Но столь ли важно, чей портрет написал художник? Моны Лизы или Констанции д’Авалос? Существеннее то, что Леонардо хотел изобразить «человеческое лицо». Для Мальро это спор творца и времени, фаустианское «остановись, мгновенье». Бег времени есть «удел человеческий».

Говоря о «цене абсолюта», Мальро вынужден признать, что всё яснее становится «неспособность современной цивилизации выразить духовные ценности в определённых формах». Утрачивается стиль. По мере развития потребительства появляется имитация, ускользающая от диалога. Монолог разрушает. При утрате религиозной веры смысл оправдывают лишь художники, ибо мир взыскует смысла. Искусство «не сакрально, но оно отрицает нечистый мир». «Голоса тишины» прошиты афоризмами. Разбросанные на многих страницах, они трудно сводимы в логическую систему, но не противоречат философской концепции автора и к тому же иллюстрируют связь Мальро с давней французской традицией, прочно заложенной ещё в XVII веке.

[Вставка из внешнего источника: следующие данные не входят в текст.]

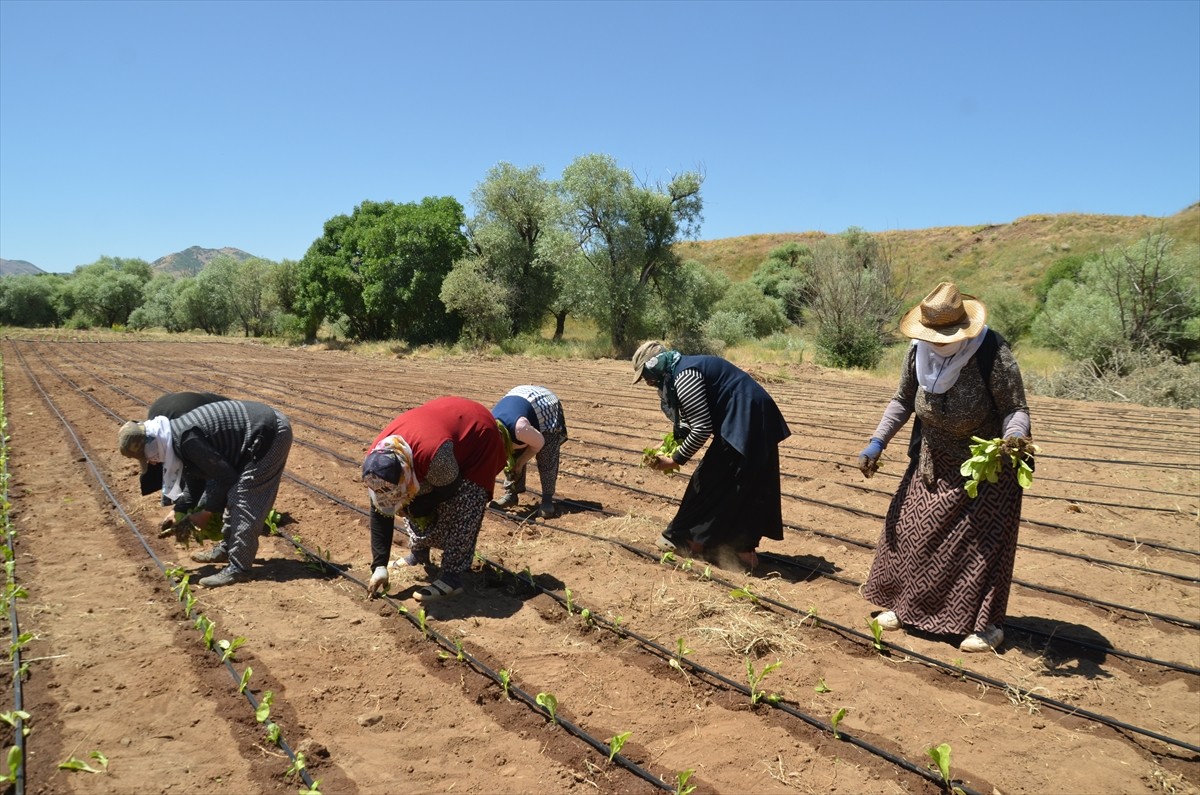 Muş'ta üreticiler, 9 köyde tütün fidelerini toprakla buluşturmaya başladı.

Творческое деяние вечно укрыто оболочкой истории, но восстанавливается, как сам человек. Уверенная рука Рембрандта и дрожащая рука пещерного жителя, рисующего на закопчённом своде ритуальное изображение охоты, равно божественны.

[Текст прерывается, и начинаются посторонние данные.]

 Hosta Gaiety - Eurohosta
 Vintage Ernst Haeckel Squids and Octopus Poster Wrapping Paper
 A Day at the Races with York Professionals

Трагедии человеческой судьбы Мальро противопоставляет вызов художника-творца. Представленные в книге эссе – непростое чтение. Но оно подводит к энциклопедическим знаниям и представляет оригинальную концепцию искусства. Читатель проследует к олимпийскому богу, включающему в свой классический образ архаические черты догреческого и малоазийского искусства. Благодаря Мальро, он по-новому поймёт и оценит музей. И немалая заслуга в этом принадлежит переводчику, ибо, как писал Илья Эренбург, – один из ранних интерпретаторов Андре Мальро, – его стилю свойственны «синтаксическая сжатость, свое образные ассоциации, наконец, ощущение слова не только в его прямом логическом значении, но во всей его связанности с корнями». Однако в этой внутренней связанности отдельные наброски об искусстве Запада и Востока от архаических времён до современности приобретают общий смысл, становясь философией искусства.